If a cell phone posed even minimal danger to air traffic then you'd be required to put them in with the hold luggage or surrender them to the airline staff for the duration of the flight. There is no danger.
Even so ... what happened to politeness and consideration for other passengers?
No sig today...
It's a load of over-sensitive could-possibly-be-thought-might-happen crap. Like using a mobile phone in a petrol station - the risk is actually from dodgy, illegally imported batteries installed in such things which might "spark" if dropped, nothing to do with the phone itself somehow magically igniting vapours. Most petrol station fires are caused by static sparks from people re-entering their cars while they are fuelling (which in itself suggests inattention to the pump pushing litres of a flammable liquid at high speed into your car) or just plain carelessness (i.e. smoking on the forecourt).
At some point, there probably WAS a time it could interfere with a piece of equipment not designed to take account that mobile phones were nearby (even if that was just audible chirps being recorded on the cockpit tapes because the mics picked them up like mics tend to do with mobile phone "check-in" broadcasts).

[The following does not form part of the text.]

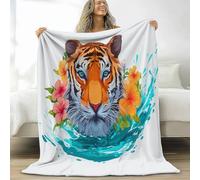 XCQHZYQ Fleece Blanket Throw Blanket, Sherpa Fluffy Flannel Blankets Cartoon Style Animal Tiger, Soft Warm Cozy Throw Blankets for Bed Couch Sofa Armchairs Picnic, White, 150x200 cm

If you're seriously using planes which are not designed to cope with mobile phone transmissions now, you're in a serious breach of due diligence as regards safety and hazards. For a start, it's too easy to leave one on, whether in the hold, or the overhead compartments, or your pocket, or even the pilot's pocket, and secondly you are going to be flying OVER mobile phone masts (with a lot more power output) and getting very, very close to them and mobile phones whenever you come into land and taxi.
The mobile phone thing is most probably, as has been recorded in several of the EU discussions, more about radio licensing - because having lots of mobiles suddenly appear in the air can mess up OTHER things. Like I can join a ferry's maritime network but only when it's switched on when we're out at sea, not near the coast. In terms of safety, if a mobile phone, or even a thousand mobile phones, can interfere with the operation of an aircraft, then you have much more to worry about that mobile phones themselves. For a start, any transmitter, any static, any friction at all. Same for wireless, bluetooth, and anything else that operates on similar wavelengths. Hell, most aircraft that serve food have a microwave or similar heater on board - bet that churns out a million times more "Risk Assessment" than the pilot's mobile phone.
That has been long gone out the window...
I dread the day when cell phones are allowed in use on the plane. Can you immigine a 2 hour flight with some person yacking away the entire time getting loud and annoying... I still don't like to listen to other people phone conversations at a restaurant. You know the type...
The ban on cellphone usage during takeoff and landing is for your safety. The ban on cellphone usage during cruise is due to weaknesses in the cell network and your sanity.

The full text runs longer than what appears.